Credevano di aver scritto “The Art of the Deal”, ma stanno recitando “The Art of Shooting Yourself in the Foot”. Quando Trump definisce questo il giorno della liberazione, non posso fare a meno di chiedermi: liberazione da cosa, esattamente? Dal denaro nei portafogli dei consumatori americani? Dalle relazioni diplomatiche? Dal buon senso economico?
Le stime dicono che questa brillante manovra costerà a ogni famiglia americana almeno 3.400 dollari all’anno. È come pagare un abbonamento premium a uno spettacolo di varietà dove l’unico numero è un uomo che continua a inciampare sul proprio ego sovradimensionato.
I nostri partner commerciali – quelli che ancora hanno la pazienza di chiamarsi tali – non stanno prendendo questa novità sdraiati a prendere il sole. L’Unione Europea, il Canada e il Messico hanno già promesso ritorsioni. La politica estera di questa amministrazione mi ricorda il mio primo marito: costosa, dolorosa e destinata a finire in lacrime. I leader mondiali ora guardano all’America come si guarda un parente ricco con demenza senile: con un misto di paura, imbarazzo e il terrore che ti menzioni nel testamento per motivi sbagliati.
Particolarmente deliziosa è la matematica trumpiana dei dazi sovrapposti. Un’auto messicana potrebbe affrontare un’aliquota tariffaria del 52,5%. Presto sarà più economico acquistare uno yacht che una Chevrolet prodotta a Tijuana. Non vedo l’ora di assistere alla nascita di un fiorente mercato nero di Toyota Corolla.
La logica dietro tutto questo? “La spoliazione dell’America sarà finita”, proclama la Casa Bianca. Invece di essere spogliati da partner commerciali, ora saremo spogliati dalle nostre stesse politiche. È la magnificenza di gridare alla spoliazione dell’America mentre ci autoinfliggiamo una tassa sulla stupidità, pagabile in rate mensili da ogni consumatore americano.

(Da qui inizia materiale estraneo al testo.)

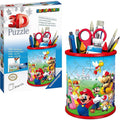 PUZZLE 3D SUPORT PIXURI SUPER MARIO 54 PIESE - RAVENSBURGER (RVS3D11255)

Gli economisti, quei noiosi custodi della realtà matematica, avvertono che questo rimedio aumenterà i prezzi ovunque e colpirà duramente l’economia globale. Ma chi ha tempo per ascoltare gli esperti quando c’è uno slogan accattivante da brandire? “Make Allies Globally Angry” non ha lo stesso appeal, suppongo.
Il mio cocktail preferito è sempre stato il whisky sour, ma temo che presto dovremo abituarci tutti a un nuovo drink: il Dazio Amaro, servito con una fetta di inflazione e un pizzico di recessione globale.
Mi chiedo se, quando le bollette inizieranno ad aumentare e i posti di lavoro inizieranno a scomparire, il pubblico americano applaudirà ancora questo spettacolo. Dopotutto, come ho sempre detto, “Non puoi insegnare a un maiale a cantare; sprechi il tuo tempo e infastidisce il maiale”. Eppure, eccoci qui, tutti in attesa che l’economia suoni una melodia armoniosa sotto la bacchetta di un direttore d’orchestra che confonde il rumore con la musica.
Nel frattempo, io mi preparo per l’unica risposta razionale a questo caos imminente: un altro martini. Almeno finché possiamo ancora permettercelo!
Glossario
- Dazi: Imposte applicate alle merci importate dall’estero, utilizzate come strumento di politica commerciale per proteggere le industrie nazionali.
- Tariffe universali: Sistema di dazi applicato indistintamente a tutti i prodotti importati, senza differenziazione per paese d’origine o categoria merceologica.
- Liberation Day: Nome dato dall’amministrazione Trump al giorno di entrata in vigore dei nuovi dazi commerciali, presentato come momento di “liberazione” dell’economia americana.
Riferimenti Bibliografici
- Parker, D. (1944). The Portable Dorothy Parker.
- Meade, M. (1988). Dorothy Parker: What Fresh Hell Is This? Penguin Books.
- Day, B. (2004). Dorothy Parker: In Her Own Words. Taylor Trade Publishing.